Troubleshoot configuration
This guide can help you solve common issues with Cloud NAT.
Common issues
VMs can reach the internet unexpectedly, without Cloud NAT
If your virtual machine (VM) instances or container instances can reach the internet without Cloud NAT, but you don't want them to, check for the following issues:
-
Determine if the VM's network interface has an external IP address. If the network interface has an external IP address assigned to it, Google Cloud automatically performs one-to-one NAT for packets whose sources match the interface's primary internal IP address. For more information, see Cloud NAT specifications.
To determine if a VM has an external IP address, see changing or assigning an external IP address to an existing instance.
Ensure that your Google Kubernetes Engine (GKE) cluster is a private cluster. Each node VM in a non-private cluster has an external IP address, so each node can use routes in your Virtual Private Cloud (VPC) network whose next hop is the default internet gateway without relying on Cloud NAT. For more information, including how non-private clusters interact with Cloud NAT gateways, see Compute Engine interaction.
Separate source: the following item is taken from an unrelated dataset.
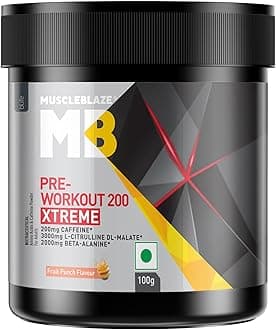 - Pre Workout 200 Xtreme (Fruit Punch, 15 Servings, 100g) | 200mg Caffeine, 200mg Theanine, 2000mg Beta Alanine, 3000mg Citrulline, Powder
List routes in your Virtual Private Cloud network, looking for ones that could provide internet connectivity through a next hop different than the default internet gateway. As examples:
Static routes whose next hops are VMs, internal passthrough Network Load Balancers, or Cloud VPN tunnels might indirectly provide internet connectivity. For example, the next hop VMs or backend VMs for an internal passthrough Network Load Balancer might have external IP addresses themselves, or a Cloud VPN tunnel might connect to a network that offers internet access.
Dynamic routes learned from on-premises networks by Cloud Routers in your VPC network might connect to a network that offers internet access.
Keep in mind that other custom routes in your VPC network might have higher priorities than routes whose next hops are default internet gateways. For information about how Google Cloud evaluates routes, see routing applicability and order.
No logs are generated
- Verify that NAT logging is enabled.
Double-check that your view of the logs isn't filtering out the logs that you are looking for. For instructions, see Viewing logs.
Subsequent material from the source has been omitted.